I had originally been thinking that if the transcription (in its latest state, so not necessarily the field transcription) and the translation (excluding spaces at the edges) are exactly the same, then the entries could be merged. For the other fields, if they only occur for one entry or not another, or are exactly the same for both entries, then one could use that common value. For other fields that do not match, one could combine them for the merged entry.

But would this result in ambiguous cases?

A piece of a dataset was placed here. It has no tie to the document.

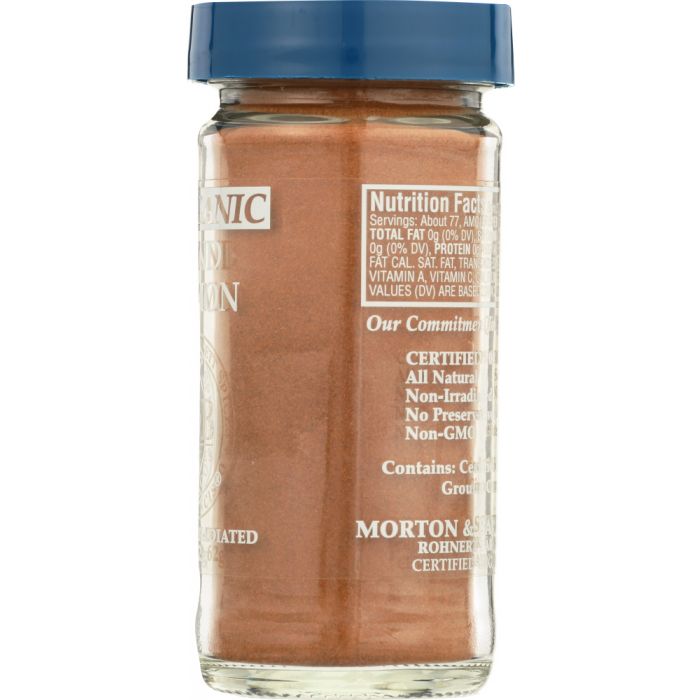 MORTON & BASSETT: Ground Cinnamon, 2.3 Oz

fbanados commented 2 months ago

I don't think it results in ambiguous cases. I was designing an interface for automatically listing all possible candidates, but that will be unneccessary once all the ambiguous cases are dealt with. Also I would not be surprised if that would lead the interface to take too long to load and timeout, so I think it's better to have the automatic merging done separately. In general, automatically merging can be done with a manage.py command, and we can keep the interface just for search and merge.

fbanados commented 2 months ago

Code is ready, action to decide on running django command on server to be discussed via email.

aarppe commented 2 months ago

Adding the linguist-administrator role is needed for linguists to undertake merging of individual items. That would be useful as checking the behavior with indidivual entries, before/instead of running merging whole-sale computationally.

aarppe commented 2 weeks ago

@fbanados I don't think we need to delay this any further, as I've been able to observe that the merging of individual entries has worked properly - so we can proceed with computationally merging all the entries for which the transcriptions and translations are exactly the same.

fbanados commented 2 weeks ago

I will make a database backup before merging

fbanados commented 2 weeks ago

Entries merged.